What to work on:
The entries are to be printed again word for word, but no picture may appear.

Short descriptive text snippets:
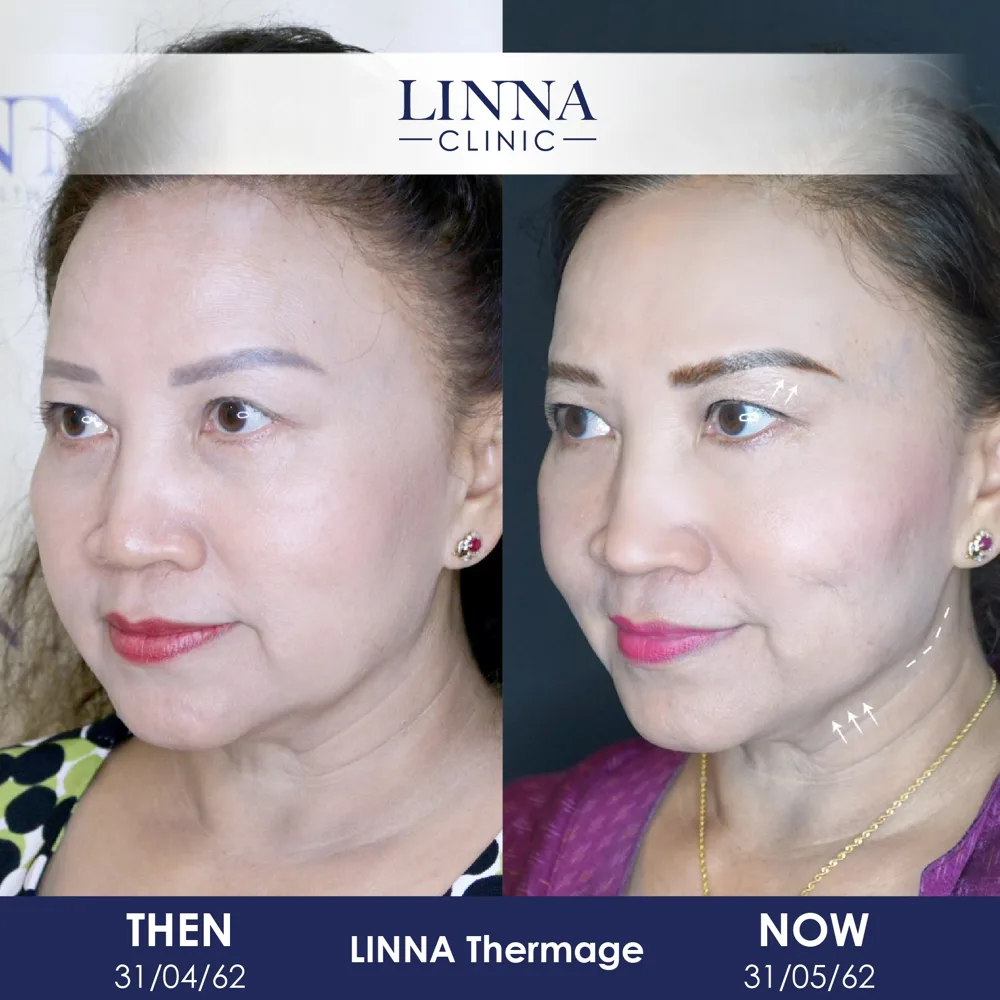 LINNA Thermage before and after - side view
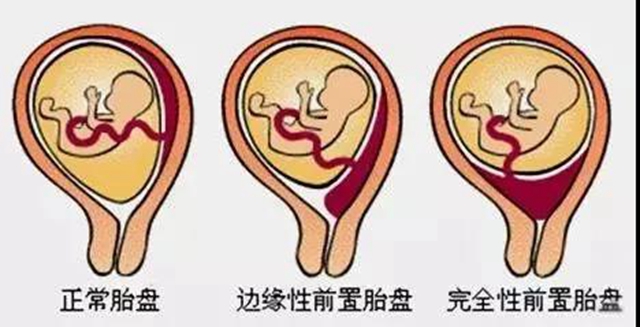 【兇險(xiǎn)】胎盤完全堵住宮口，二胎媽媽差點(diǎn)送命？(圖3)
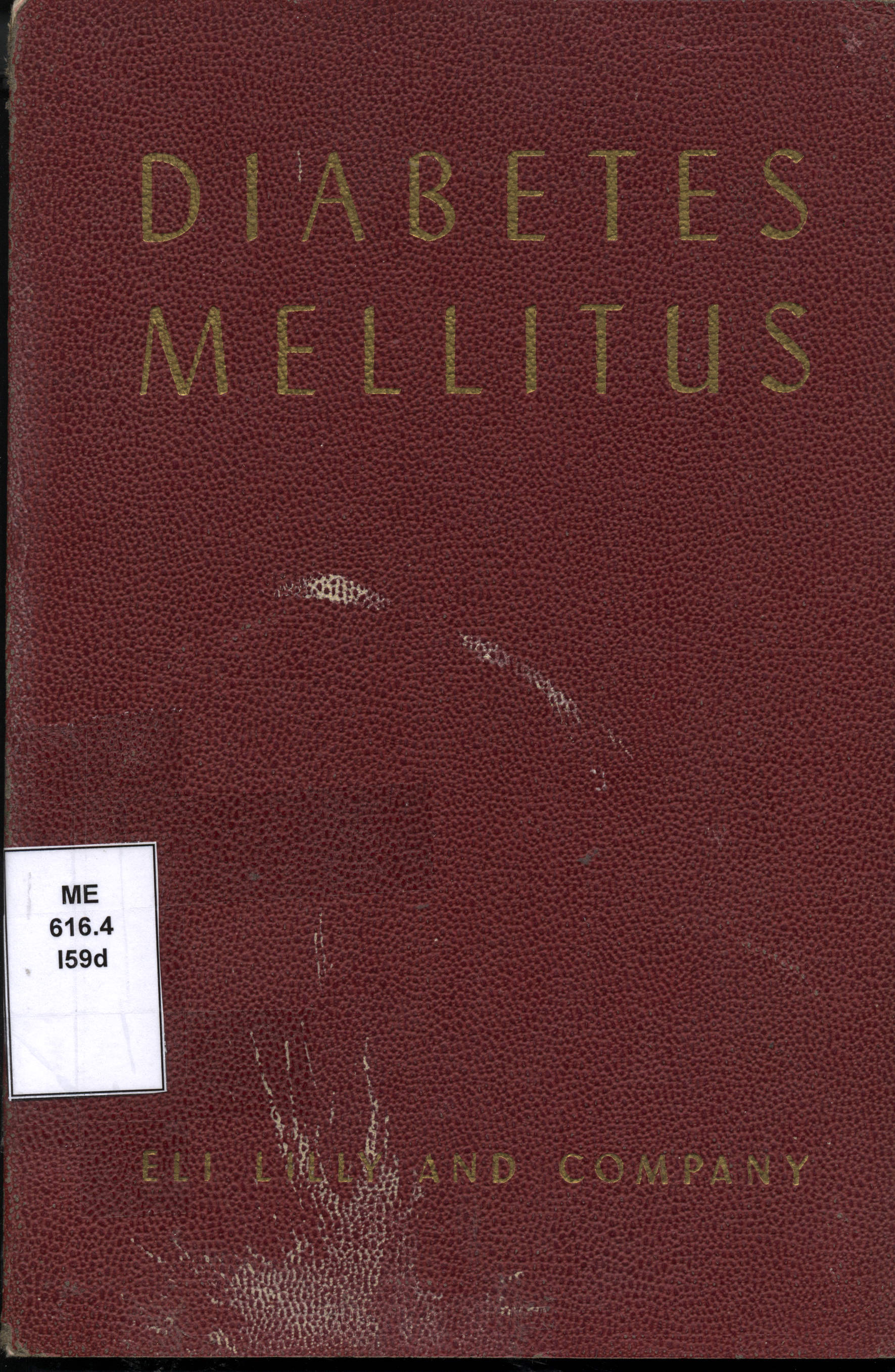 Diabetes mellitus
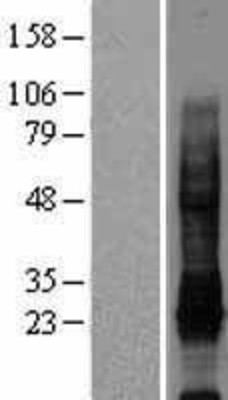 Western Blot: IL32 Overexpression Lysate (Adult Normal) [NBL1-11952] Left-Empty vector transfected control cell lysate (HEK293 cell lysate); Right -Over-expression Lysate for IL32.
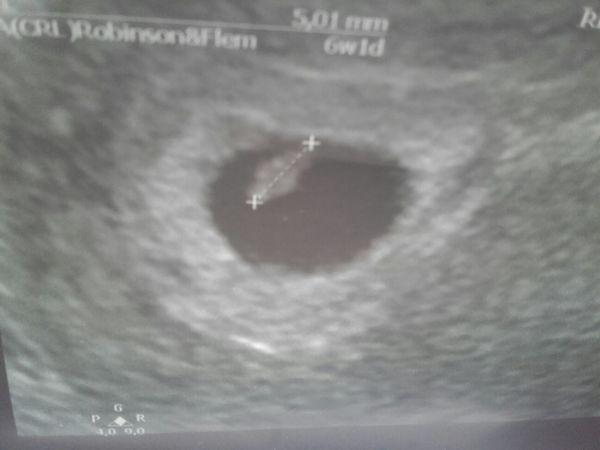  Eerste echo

Written solution:
 LINNA Thermage before and after - side view
 【兇險(xiǎn)】胎盤完全堵住宮口，二胎媽媽差點(diǎn)送命？(圖3)
 Diabetes mellitus
 Western Blot: IL32 Overexpression Lysate (Adult Normal) [NBL1-11952] Left-Empty vector transfected control cell lysate (HEK293 cell lysate); Right -Over-expression Lysate for IL32.
  Eerste echo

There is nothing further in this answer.